■ **Record extracts**
-=-=-=-=-

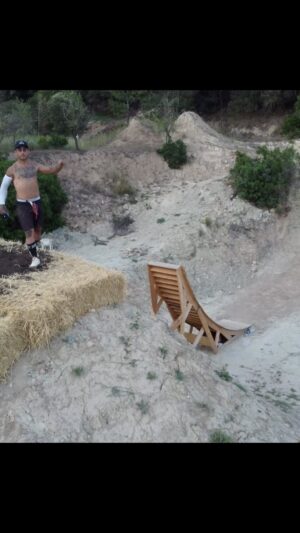 Bienve Aguado Alba Instagram - We built my dream step up 🥹😎

Let's play 😈

Super grateful with who made it possible:

Sponsors: @gopro @pit_viper @ergonbike @allmountainstyle 
@marceldurbau Wood design and construction 
@erdbaumatzke 🚜 
@_.goorkapeerez._ @__guilleem15 Kids really helping a lot.
@hugomontal 🙏🏼
Some other friends with a quick hand 🙏🏼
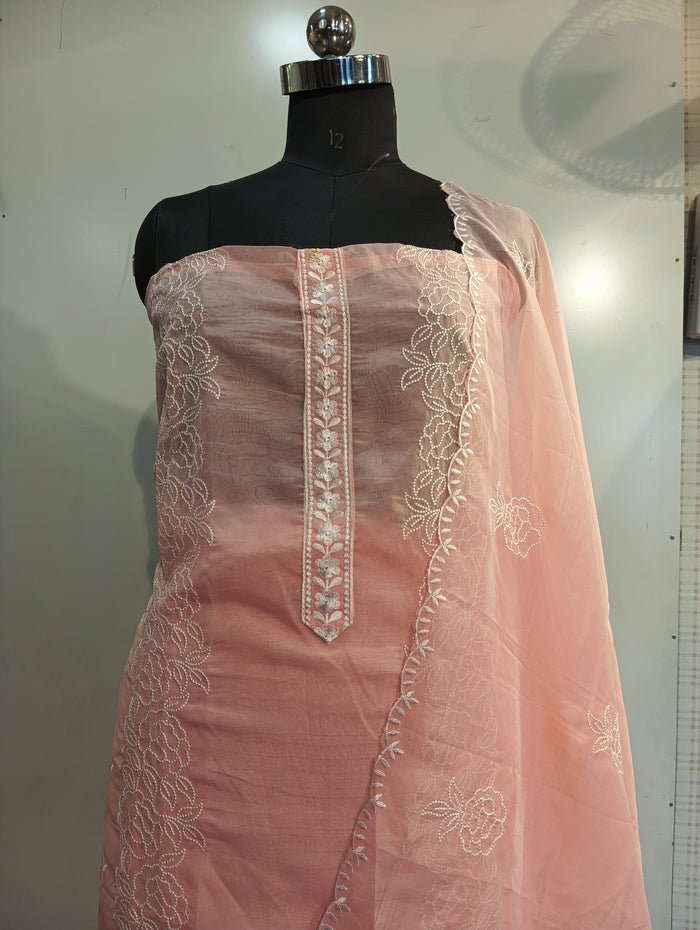 Organza suit with embroidery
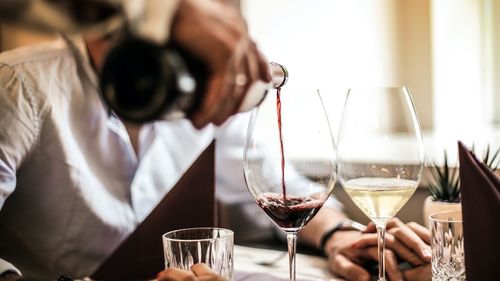 Italia: Un restaurant din Verona oferă sticle de vin gratuite clienților care renunță la telefoane mobile în timpul mesei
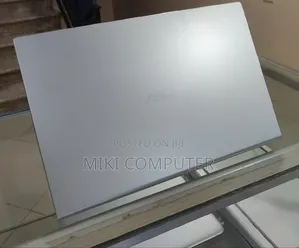 New Laptop Asus VivoBook 15 X505BA 8GB Intel Core I7 SSD 512GB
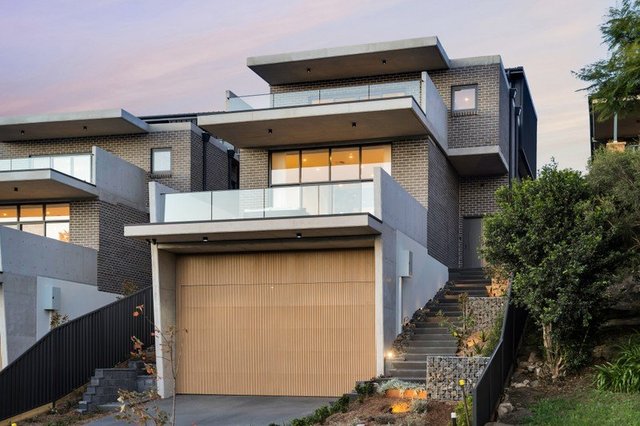 15B Nepean Towers Avenue, NSW 2560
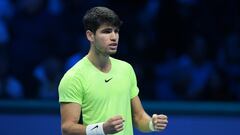 Carlos Alcaraz celebra su triunfo ante Daniil Medvedev en las ATP Finals.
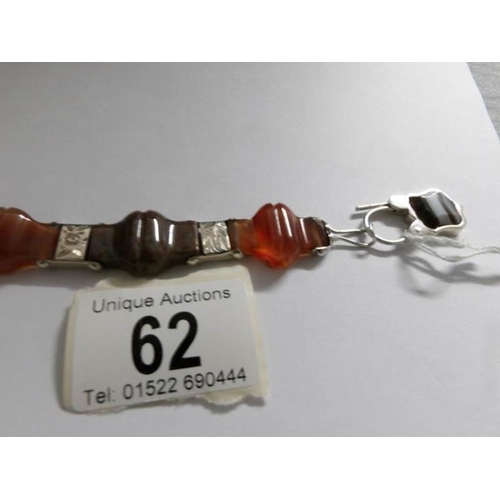 62 - A Victorian Scottish mixed agate and silver bracelet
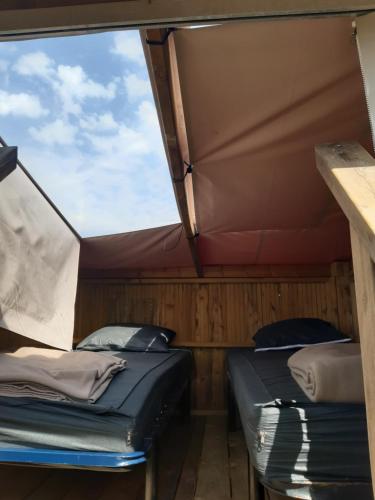 2 lits dans la cabine d'un bateau dans l'établissement Camping Onlycamp Les Grenettes, à La Varenne
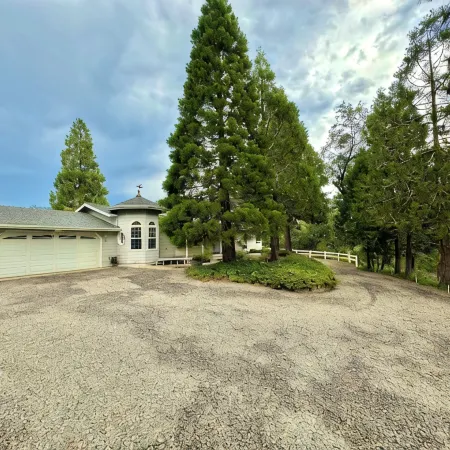 Spacious Yosemite Lodge –Arcades + EV Charger + 3B2B + Private 1 Acre +Game Room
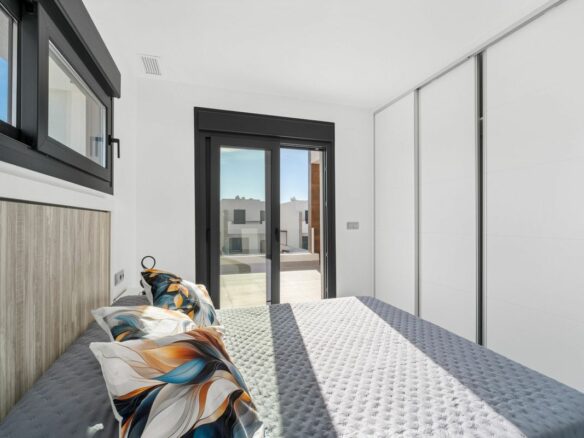 Villa Of 97 M² In Daya Nueva, Spain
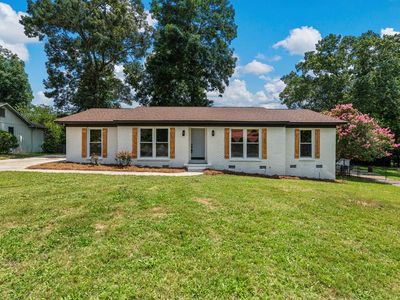 6106 Brittany Ct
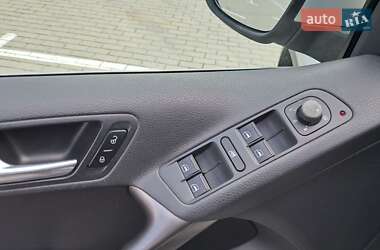 Внедорожник / Кроссовер Volkswagen Tiguan 2009 в 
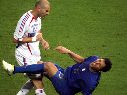 Zinedine Zidane dio un cabezazo a Marco Materazzi en la final del Mundial de Alemania 2006, donde Italia terminó como campeón. AFP / ARCHIVO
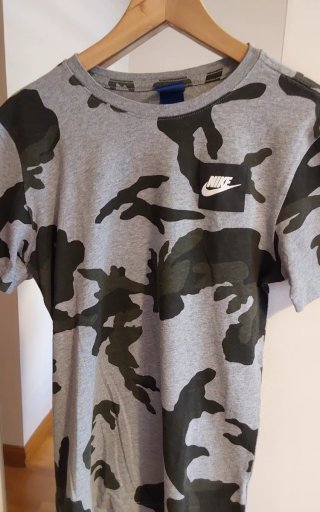 Lote 2 Camisetas Camuflaje Nike y Nanny State Tall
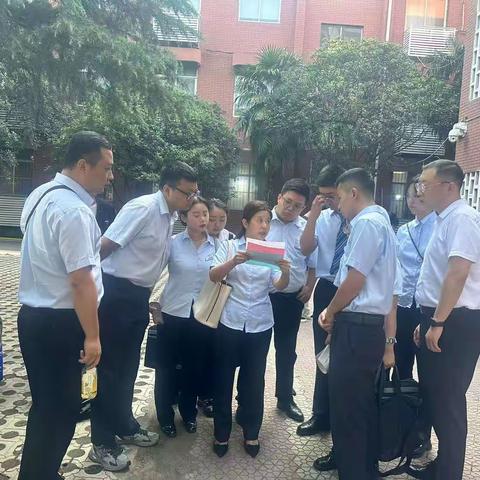 践行金融为民，温情助力开学——蓝田县支行服务进校园 代收学费办实事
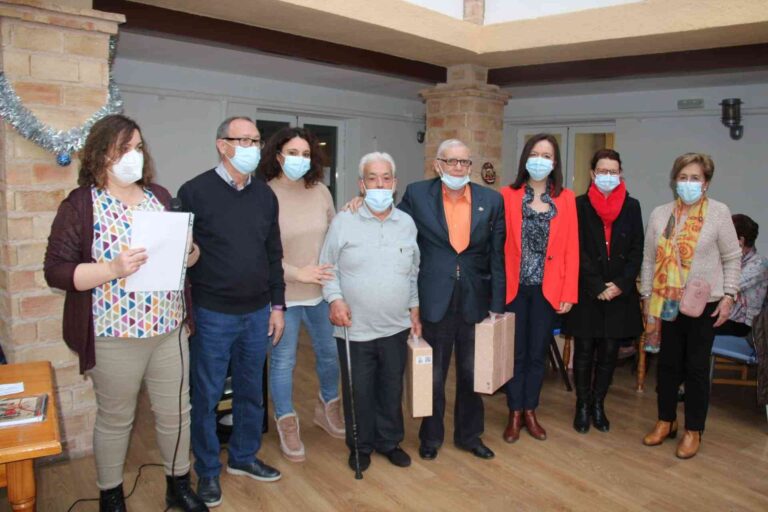 La alcaldesa de Alcázar clausura la programación de Navidad y Carnaval del Centro de Mayores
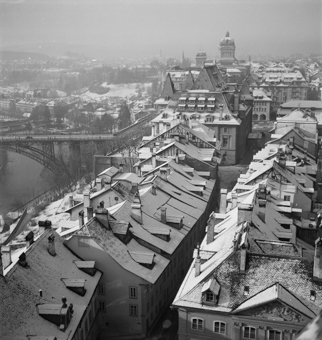 Dächer der Herrengasse im Winter, Bern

-=-=-=-=-

■ **Problem to solve**
Give the data again exactly as written, with all pictures left out.

■ **Output for this task**
 Bienve Aguado Alba Instagram - We built my dream step up 🥹😎

Let's play 😈

Super grateful with who made it possible:

Sponsors: @gopro @pit_viper @ergonbike @allmountainstyle 
@marceldurbau Wood design and construction 
@erdbaumatzke 🚜 
@_.goorkapeerez._ @__guilleem15 Kids really helping a lot.
@hugomontal 🙏🏼
Some other friends with a quick hand 🙏🏼
 Organza suit with embroidery
 Italia: Un restaurant din Verona oferă sticle de vin gratuite clienților care renunță la telefoane mobile în timpul mesei
 New Laptop Asus VivoBook 15 X505BA 8GB Intel Core I7 SSD 512GB
 15B Nepean Towers Avenue, NSW 2560
 Carlos Alcaraz celebra su triunfo ante Daniil Medvedev en las ATP Finals.
 62 - A Victorian Scottish mixed agate and silver bracelet
 2 lits dans la cabine d'un bateau dans l'établissement Camping Onlycamp Les Grenettes, à La Varenne
 Spacious Yosemite Lodge –Arcades + EV Charger + 3B2B + Private 1 Acre +Game Room
 Villa Of 97 M² In Daya Nueva, Spain
 6106 Brittany Ct
 Внедорожник / Кроссовер Volkswagen Tiguan 2009 в 
 Zinedine Zidane dio un cabezazo a Marco Materazzi en la final del Mundial de Alemania 2006, donde Italia terminó como campeón. AFP / ARCHIVO
 Lote 2 Camisetas Camuflaje Nike y Nanny State Tall
 践行金融为民，温情助力开学——蓝田县支行服务进校园 代收学费办实事
 La alcaldesa de Alcázar clausura la programación de Navidad y Carnaval del Centro de Mayores
 Dächer der Herrengasse im Winter, Bern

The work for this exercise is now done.